The size and location of variables have a direct impact on time required to read data. The size effect is easy to understand : The amount of data to read is at minimum the size of variable multiplied by the number of variables. Reading 10 u32 variable will need to transfer 40 bytes of payload. To increase access speed, it is useful to reduce the number of data.

Data location impact is more complex to estimate. Performing each data access is time consuming, and it is more efficient to read many variable in one read operation when possible.
STM32CubeMonitor will perform this optimization automatically :

  • If 3 u8 variables are in the same u32 block, the tool will read one 32bit data instead of 3 u8 access. It is 3 time faster, and the u8 values will be extracted inside STM32cubeMonitor
  • if 2 variables are in the same memory area, it is more efficient to read a bigger block.
  • Unfortunately when variables are not in the same area, the software will need to perform 2 access.

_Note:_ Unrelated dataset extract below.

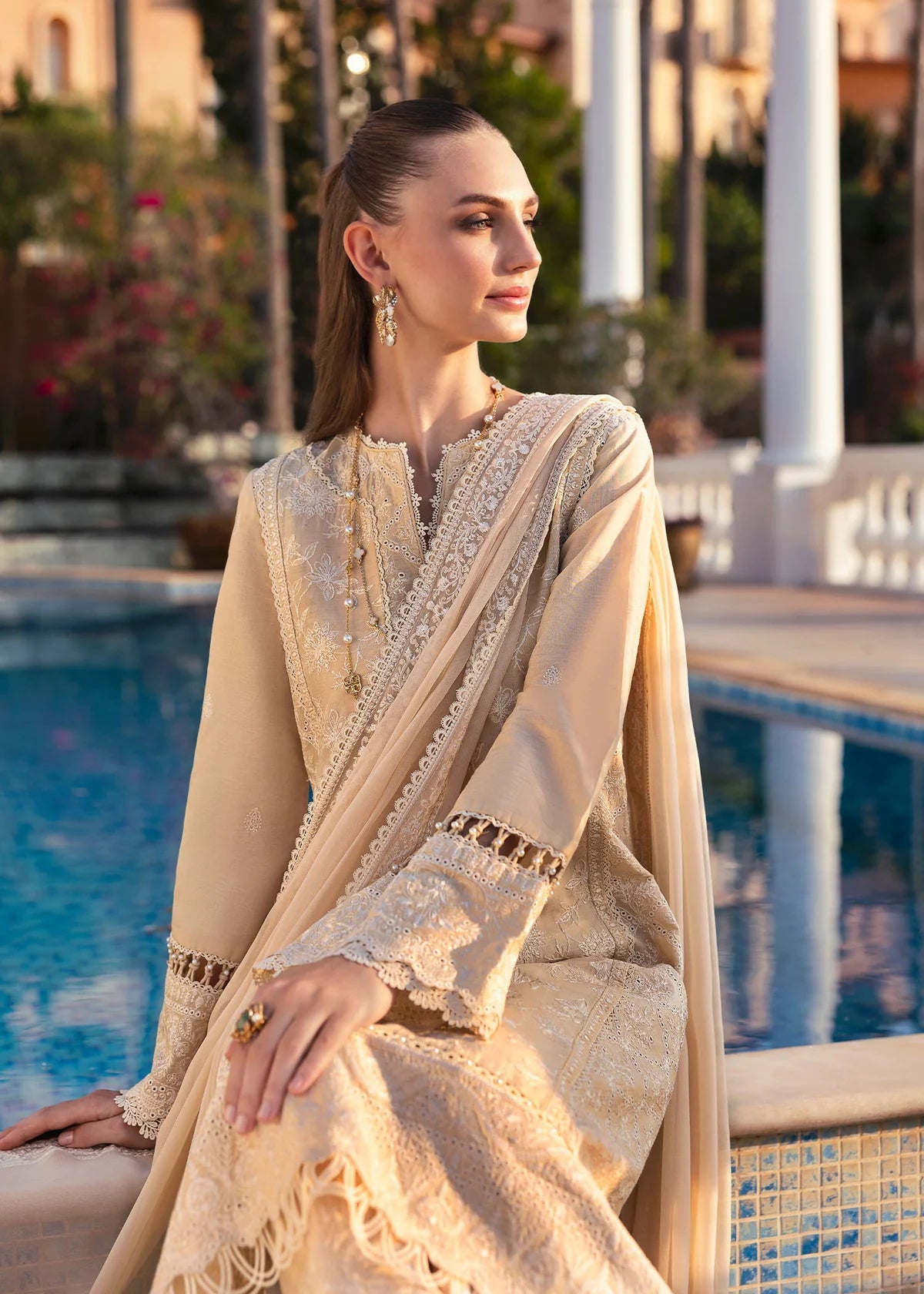 Model wearing Kanwal Malik Siena KM Basics '25 Sage in pastel beige with delicate embroidery. Shop Pakistani luxury pret online in the UK.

To improve performances, it is better to declare all the variables to monitor in the same memory area.

4. Snapshot mode

In snapshot mode, the data are copied by the embedded software to a buffer, and STM32CubeMonitor downloads this buffer. The "sampling frequency" is the rate to dump the buffer form the target.
The real acquisition rate can be higher than "sampling frequency", as it is managed by target MCU firmware. The snapshot mode can be useful to capture fast events, but the buffer fill speed must not be too high to avoid buffer overflow. Snapshot can be very efficient to store "burst" events.

5. Optimization of flow

When some graphical elements like gauges or bar-graph are used, there is no need to display data hundreds of times per seconds. The "single-value" subflow includes a rate limiter to decrease the number of data sent to dashboard nodes. This rate limitation reduce the computer CPU load, and allows to keep bandwidth for the acquisition.

6. Conclusion

The sampling rate can reach 1000Hz for a single variable, and if many variables are used the bandwidth will be shared and speed reduced.
It is worth to group all data in the same memory area to benefit of read optimizations.